Quando uno “stato canaglia” come gli Stai Uniti, che lo sono per la loro sistematica violazione della legalità internazionale, minaccia nel modo così come lo stiamo raccontando bisogna prenderla molto sul serio. Specialmente se ci si ricorda l’abituale modalità di una vecchia tradizione politica nordamericana che consiste nel realizzare autoattentati che servano di pretesto per giustificare una loro immediata risposta militare. Lo fecero nel 1898, quando nella Baia dell’Avana fecero esplodere la nave statunitense Maine, uccidendo più della metà dell’equipaggio e provocando la indignazione dell’opinione pubblica nordamericana che spinse Washington a dichiarare guerra alla Spagna. Lo fecero di nuovo a Pearl Harbour, nel dicembre del 1941, sacrificando in questa infame operazione 2403 marines e ferendone 1178. Accadde nell’incidente del Golfo di Tonkin per “vendere” la loro guerra in Indonesia; la presunta aggressione del Vietnam del Nord a due incrociatori statunitensi – poi smascherata come una operazione della CIA – fece in modo che il presidente Lyndon B. Johnson dichiarasse la emergenza nazionale e subito dopo, la guerra al Vietnam del Nord. Maurice Bishop, nella piccola isola di Granada, fu considerato anch’egli come una minaccia alla sicurezza nazionale nordamericana nel 1983, e per questo rovesciato e liquidato da una invasione dei Marines. E il sospetto attentato dell’11 settembre per lanciare la “guerra contro il terrorismo”? La lista potrebbe allungarsi all’infinito.
Conclusione: nessuno potrebbe rimanere sorpreso se nelle prossime ore o nei prossimi giorni Obama autorizzasse una operazione segreta della CIA o di qualcuno dei servizi di intelligence o le proprie forze armate contro qualche obiettivo sensibile negli Stati Uniti o in Venezuela. Per esempio, l’ambasciata a Caracas. O qualche altra operazione truculenta contro civili innocenti e sconosciuti in Venezuela così come lo avrebbero fatto nel caso di “attentati terroristi” che agitarono l’Italia – l’assassinio di Aldo Moro nel 1978 o la bomba alla stazione di Bologna nel 1980 – per creare il panico e giustificare la risposta dell’impero chiamato a “restaurare” il rispetto dei diritti umani, la democrazia e le libertà di ogni tipo. Anni più tardi si scoprì che questi crimini furono commessi dalla CIA.
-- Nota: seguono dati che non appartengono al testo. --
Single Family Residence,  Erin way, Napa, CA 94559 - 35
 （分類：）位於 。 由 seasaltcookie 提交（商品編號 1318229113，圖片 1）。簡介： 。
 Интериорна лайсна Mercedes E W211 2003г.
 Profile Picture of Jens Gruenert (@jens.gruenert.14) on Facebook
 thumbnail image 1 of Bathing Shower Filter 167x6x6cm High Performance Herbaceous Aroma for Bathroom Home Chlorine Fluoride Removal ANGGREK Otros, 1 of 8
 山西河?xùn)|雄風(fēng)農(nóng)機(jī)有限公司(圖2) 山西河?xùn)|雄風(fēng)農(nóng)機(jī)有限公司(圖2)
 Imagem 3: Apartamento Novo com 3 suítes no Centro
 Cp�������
Bisogna ricordare che Washington alimentò il golpe del 2002 in Venezuela, forse perché voleva assicurarsi una riserva di petrolio prima di aggredire l’Iraq. Ora si sta lanciando in una guerra su due fronti: Siria/Isis e Russia, e anche in questo caso vuole ottenere una retroguardia energetica sicura. E questo è grave, molto grave. S’impone quindi una solidarietà attiva e immediata dei governi sudamericani, in forma individuale e attraverso la UNASUR e la CELAC, così come delle organizzazioni popolari e delle forze politiche di Nostra America per denunciare e fermare questa operazione.